This was a hard story to get into. Jade is a character that isn't exactly warm and fuzzy. She's closed off and does her damnedest to make sure no one gets close to her. But as the story progressing, we see the cracks in her armor. We see the scared girl who truly wants nothing more than for someone to love her for who she is. When those chinks started to appear, that is when I started liking Jade and hoped that she and Garrett could somehow manage to build a friendship.
Garrett and Jade meet on the first day she arrives at Moorhurst, her new exclusive, private college she's attending on scholarship. Despite Jade's sharp tongue, Garrett practically falls over himself to befriend her. Jade trusts no one and has a hard time believing Garrett would ever want to be friends with her. But Garrett has a way of wearing down Jade's defenses. Despite how she might act, she really does like him and she falls for his charms, even when she doesn't want to. Jade's attitude isn't the only obstacle they must face on their path to friendship. There are rules that Garrett must follow and they are rules he's willing to break to be with Jade, no matter the consequence.

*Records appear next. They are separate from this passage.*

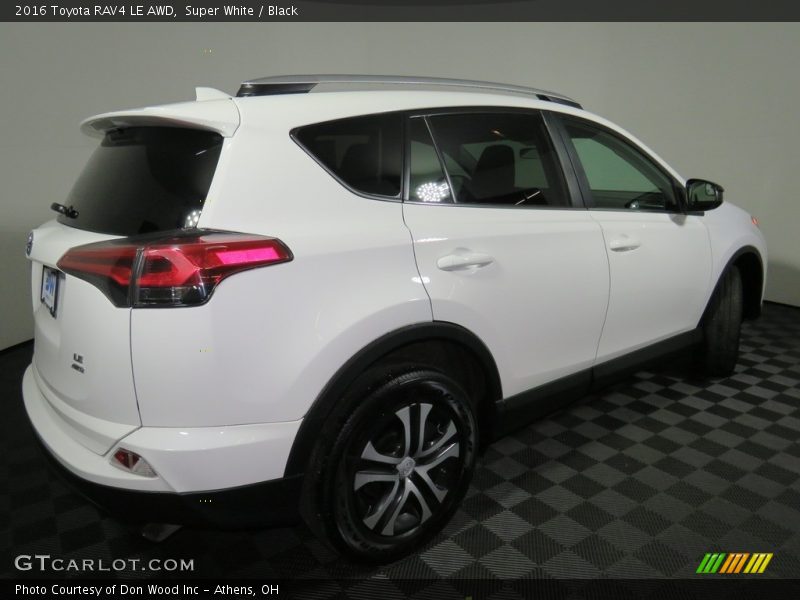 Super White / Black 2016 Toyota RAV4 LE AWD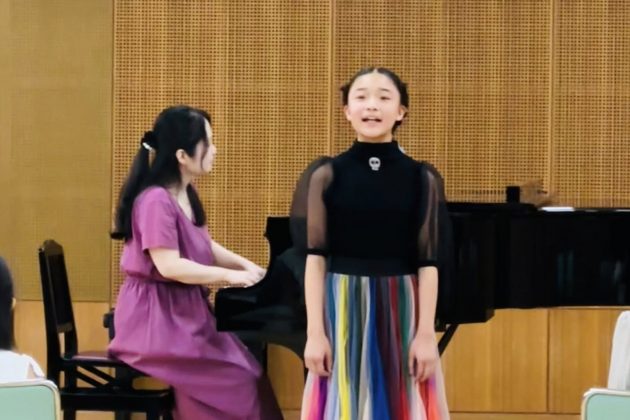 ６月７日(日)ロゼシアターリハーサル室にて かやはら音楽教室ぷちコンサ~トを開催しました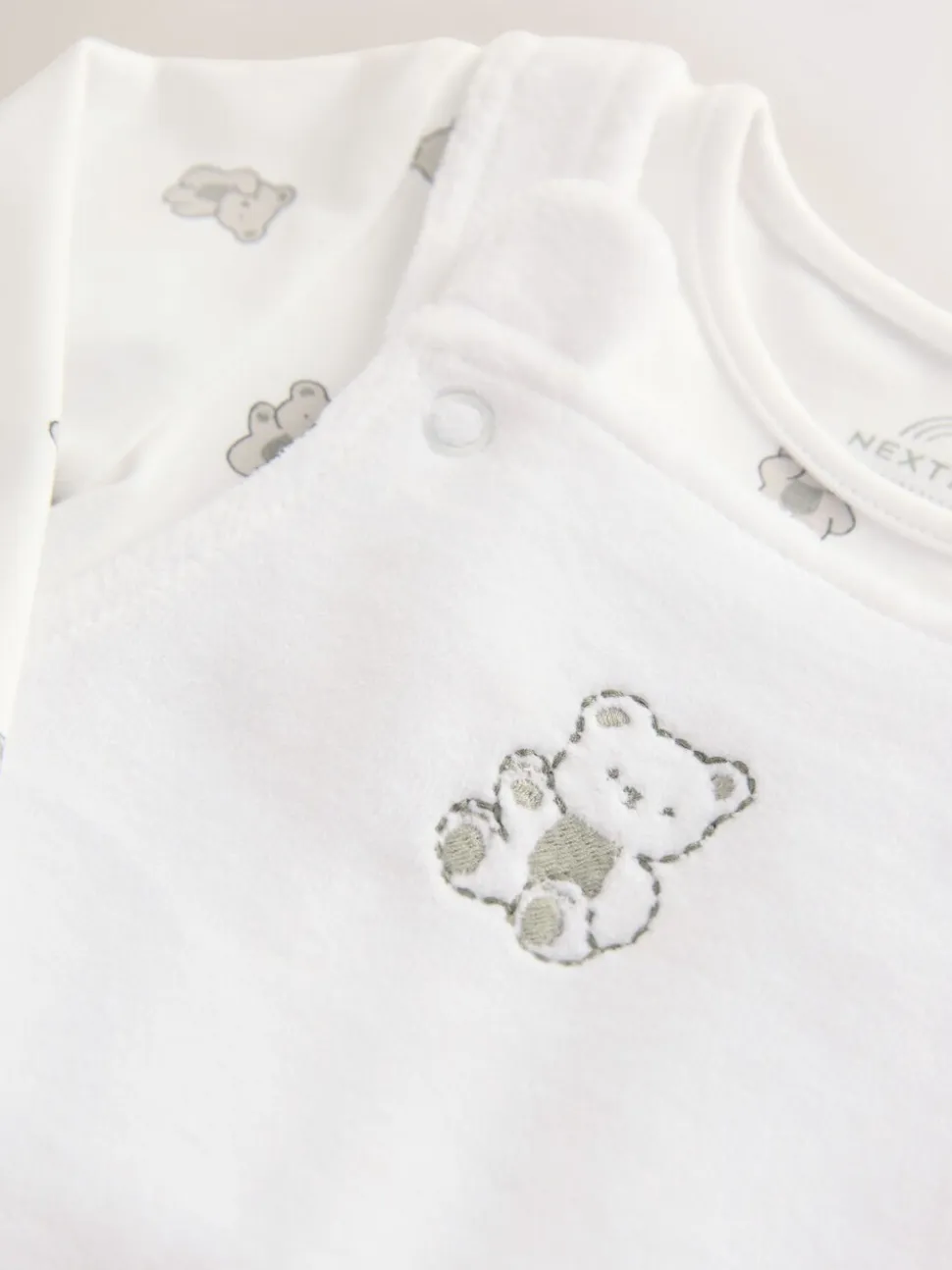 Wit met berenprint - Velours babyset met bretelbroek en rompertje (0-12mnd)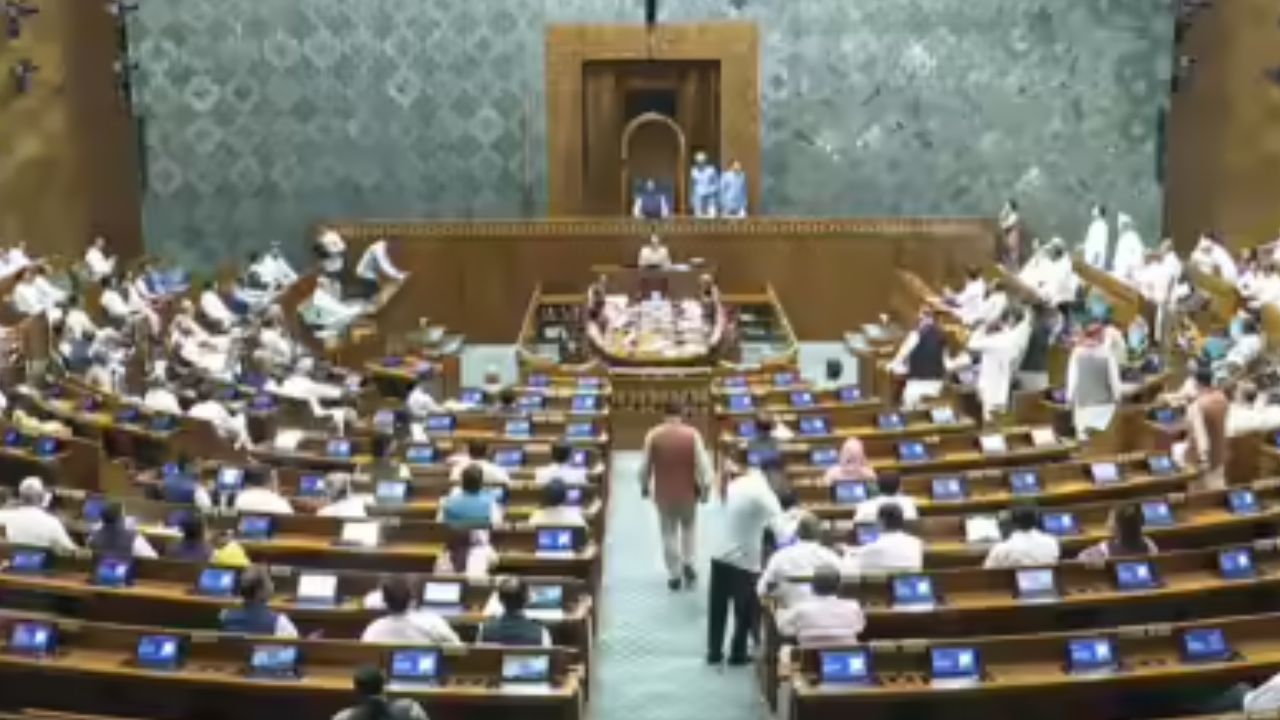 मानसून सत्र का पहला दिन हंगामेदार, विपक्ष के विरोध से संसद स्थगित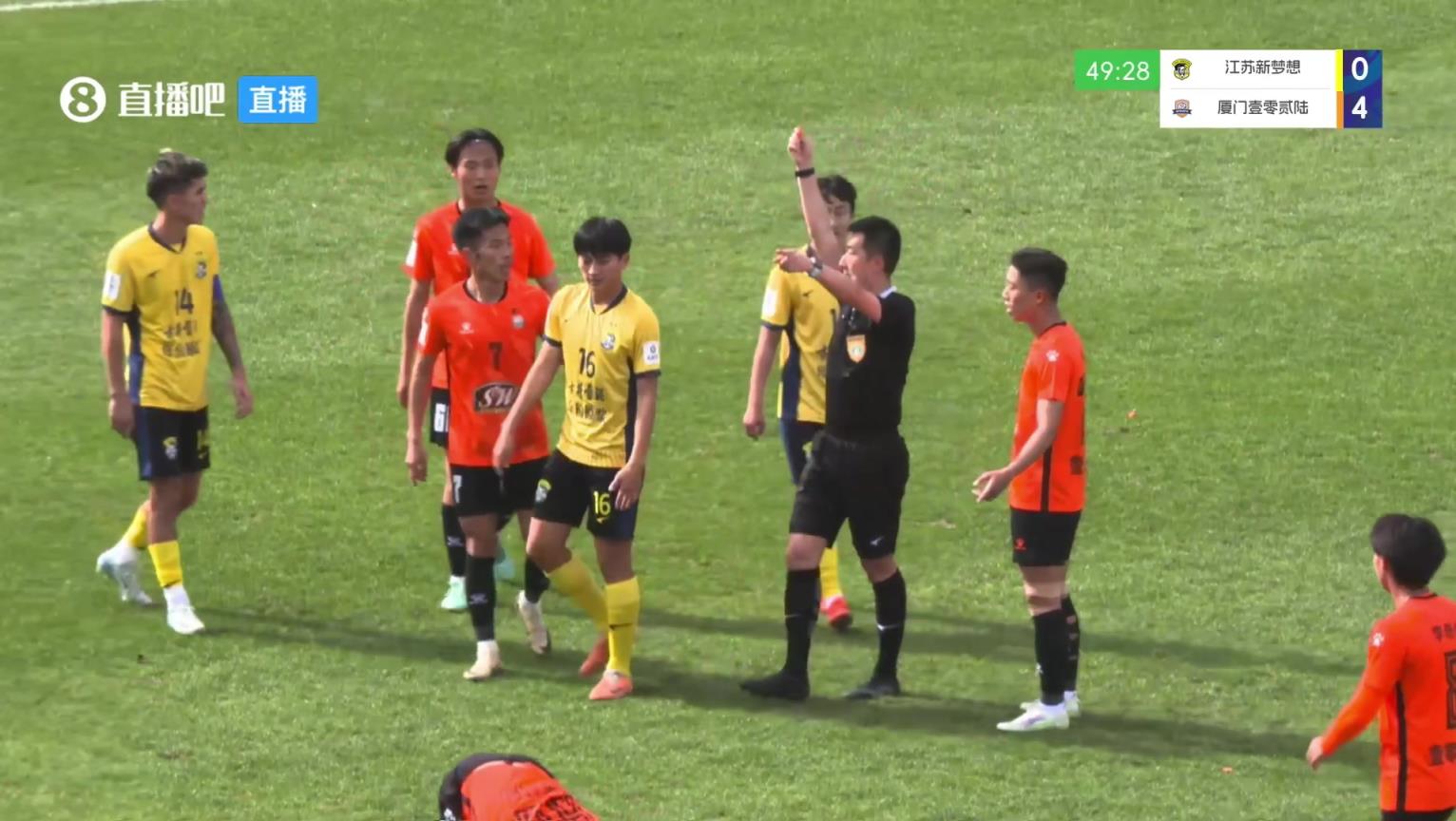 比姆巴佩抬的還高，中冠球員亮鞋釘兇狠蹬踏被裁判直紅驅(qū)逐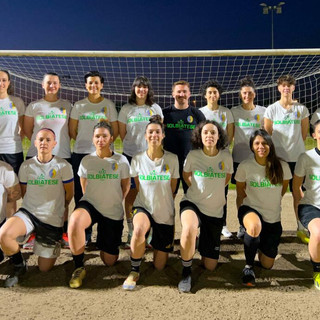 La Solbiatese Femminile. In piedi: Giulia Talarico, Arianna Luise, Lara Cottu, Sara Monolo, Mr. Gianpietro Ruffato, Giusy Jessica Fuoco, Ilaria Violatto, Anna De Zen, Sofia Maria Gentile. In ginocchio: Michela Martucci, Martina Galletti, Jessica Pennisi, Silvia Chiara Bertolasi, Fabiola Berardi, Valentina Lanzarotti, Francesca Albizzati.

Despite being less than happy with Jade, what kept me going with this story was Garrett. He was a cocky, funny and sweet eighteen year who could reel you in with just a smile (even through an electronic page). I liked how he was willing to push the boundaries with the rules he's forced to abide to in order to be with Jade. I loved the journal he gave to Jade as his way to apologize and kept hoping he'd be able to turn his back on the society life he's always lived for his family in order to find his own happiness.
The ending is a bit of a cliffhanger, but the remaining three books in the series are out to jump to next.
This was a good read, over a couple of hours. It was earth-shattering or overly emotional, but sometimes those books are just what you need.